→ GOAL OF THE EXERCISE:
For each record, copy the text exactly and omit any picture it holds.

+++ DATA RECORDS +++

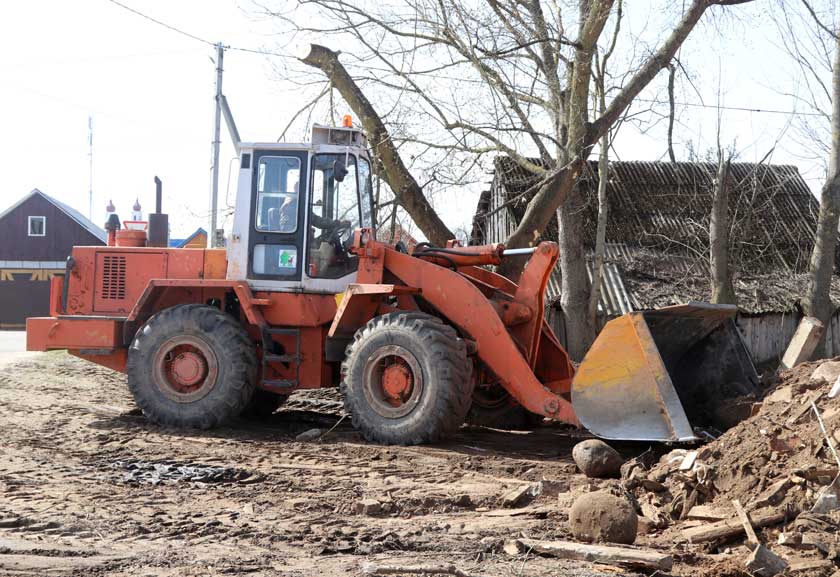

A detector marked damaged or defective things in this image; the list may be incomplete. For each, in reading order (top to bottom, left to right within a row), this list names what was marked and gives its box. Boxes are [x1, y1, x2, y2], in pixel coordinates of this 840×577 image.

broken wooden plank [680, 506, 792, 544]
broken wooden plank [736, 498, 760, 548]
broken wooden plank [502, 536, 672, 568]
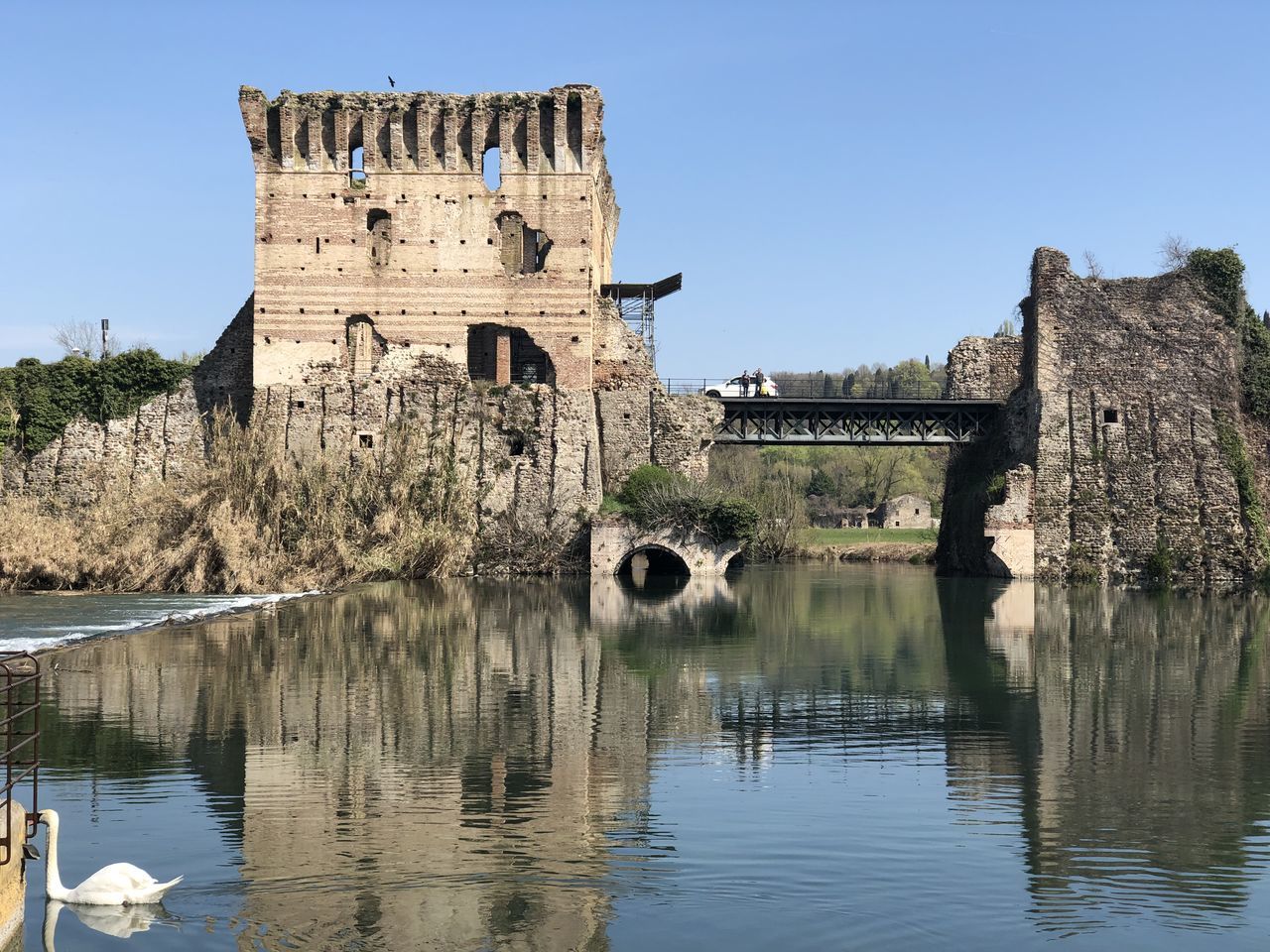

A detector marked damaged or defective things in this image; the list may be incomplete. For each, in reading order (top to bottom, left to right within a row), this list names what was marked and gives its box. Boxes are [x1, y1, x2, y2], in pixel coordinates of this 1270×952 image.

rusty metal railing [0, 654, 39, 868]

+++

→ OUTPUT OF THE EXERCISE:
A detector marked damaged or defective things in this image; the list may be incomplete. For each, in reading order (top to bottom, left to right within a row), this list names what was marked and gives its box. Boxes are [x1, y1, x2, y2], in pixel coordinates of this 840×577 image.

broken wooden plank [680, 506, 792, 544]
broken wooden plank [736, 498, 760, 548]
broken wooden plank [502, 536, 672, 568]

A detector marked damaged or defective things in this image; the list may be incomplete. For each, in reading order (top to bottom, left to right within a row), this list names what was marked and gives its box. Boxes are [x1, y1, x2, y2], in pixel coordinates of this 1270×952 image.

rusty metal railing [0, 654, 39, 868]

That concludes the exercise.